Noir is deconstructed to the elemental evil in perhaps the most frightening and mysterious Lynch’s classic masterpiece.
Lost Highway
- Date:
- from
29 Jan 2026
- Age restrictions
- 18+
Lost Highway
1997, David Lynch
United States—France
134 minutes, English with Russian subtitles
Starring: Bill Pullman, Patricia Arquette, Balthazar Getty, Robert Loggia
Saxophonist Fred loses his self-confidence and, tormented by doubts and jealousy, kills his wife Rene. He is sentenced to death, but in the morning, prison guards find a completely different person in his cell—a young car mechanic who has no idea how he ended up behind bars.

Shot from Lost Highway, 1997
The plot of Lost Highway adapts narrative devices that film—and only film—can make actually visible, mines that potential to represent the uncanny that the medium had delightedly played with from its earliest years.

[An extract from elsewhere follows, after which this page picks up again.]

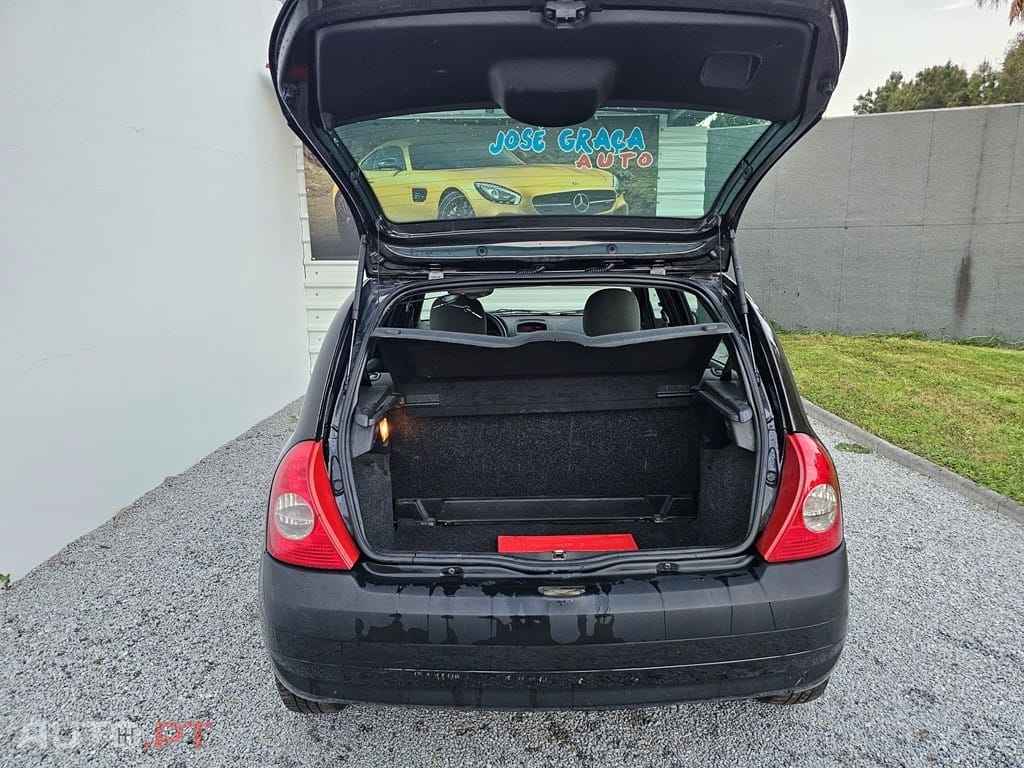 Renault Clio 1.2 Confort Authentique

—Marina Warner, Sight & Sound
The plot of Lost Highway unfolds in a Möbius strip that is almost impossible to interpret literally, and watching it is a true revelation. Lynch seems to deconstruct the noir genre into its individual elements—the femme fatale, the criminal’s pangs of conscience, the mysterious criminal conspiracy—and then reassembles them into a sophisticated, unique construction.